Autre premier long-métrage mais à classer dans le registre du polar noir, Black’s Game de Óskar Thór Axelsson a le mérite de nous narrer une histoire de maffieux bien originale car se situant en Islande. Ici, point de geyser ni de troll mais une immersion totale dans un monde de petits truands prospérant sur le trafic de drogue et les braquages. Si l’approche des personnages et la stylisation rappelle la série des Pusher de Nicolas Winding Refn (ici producteur exécutif), le destin collectif qui nous est narré penche plus vers le récit de groupe à la Martin Scorsese mais auquel il manque un bon rythme pour pouvoir imprimé durablement sa marque. Une bonne dose de violence et la beauté de María Birta (parfaite dans le rôle de Dagny la prostituée perdue) laisse quelques os à ronger mais cette saga criminelle laissera quelque peu sur sa faim un public de l’Etrange venu voir quelque chose de plus saignant.

 

 

Au programme des réjouissances que l’on peut qualifier de "autre", la palme du psychotronique absolu revient à la super-production fantastique indienne de l’année : Eega. Que ceux qui ont jeté un œil sur la bande-annonce ne soit aucunement surpris, le résultat final assume parfaitement son postulat complètement idiot mais ô combien jubilatoire : un film de vengeance où le héros se réincarne en mouche belliqueuse et adepte des arts martiaux ! Preuve que le cinéma venu d’Inde (et plus précisément telougu pour Eega) peut tout se permettre avec une assurance qui réussit à faire passer quelques grosses maladresses.

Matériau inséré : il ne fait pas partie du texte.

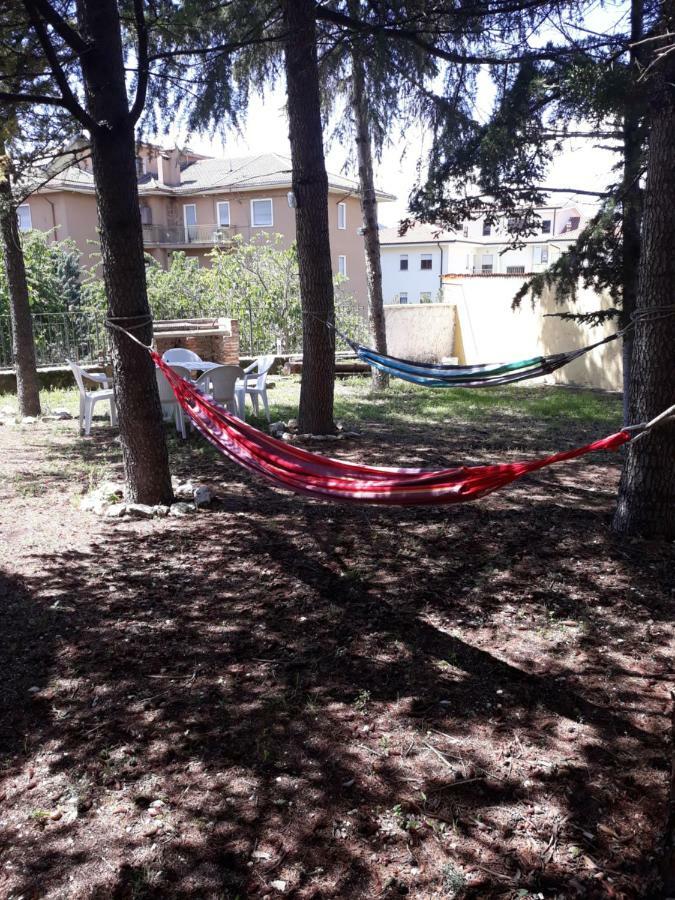 شقة A Casa Di Fede LʼAquila المظهر الخارجي الصورة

Le film de S.S. Rajamouli verse dans le surréaliste et le spectaculaire avec une générosité et une maîtrise technique affirmée qui en laissera plus d’un pantois. S'il faut se coltiner une première partie de romance à l’eau de rose savamment corsée, l’heure et demie suivante est un véritable festival d’humour et d’action qui versera même, dans son final explosif, dans du John Woo de la grande époque ! Et réussir à faire d’une mouche l’équivalent d’un Steven Seagal ou d’un Chuck Norris tout en faisant passer la métaphore de la revanche des petits face à l’oppression des nantis corrompus n’est pas un des moindres exploits réussis par cette nouvelle perle venu du pays de Gandhi. Un vrai film de gauche en fait !

 

 

Toujours dans le domaine de la comédie, l’espagnol Game of Werewolves (Lobos de Arga dans la langue de Cervantès) ne révolutionnera pas le genre du film de loup-garou mais réussit à évoquer avec respect les productions des années 80 telles que Hurlements ou Le Loup-garou de Londres mais aussi celles du patrimoine local comme la saga de l’Hombre-Lobo aka Paul Naschy . Servi par un duo d’excellents acteurs (Secun de la Rosa et le désormais renommé Carlos Areces) sur qui repose  la dynamique comique du film, Game of Werewolves faiblit malheureusement dans sa seconde moitié à cause d'une perte de maîtrise au niveau de la narration et d’un climax bien faible. Mais on peut être conciliant au vu du résultat final, du maquillage des loups-garous au look délicieusement rétro (et à mille lieues des horreurs numériques de Twilight) et à l’humour gouleyant, dont quelques gags bien sentis sur les penchants zoophiles des bergers.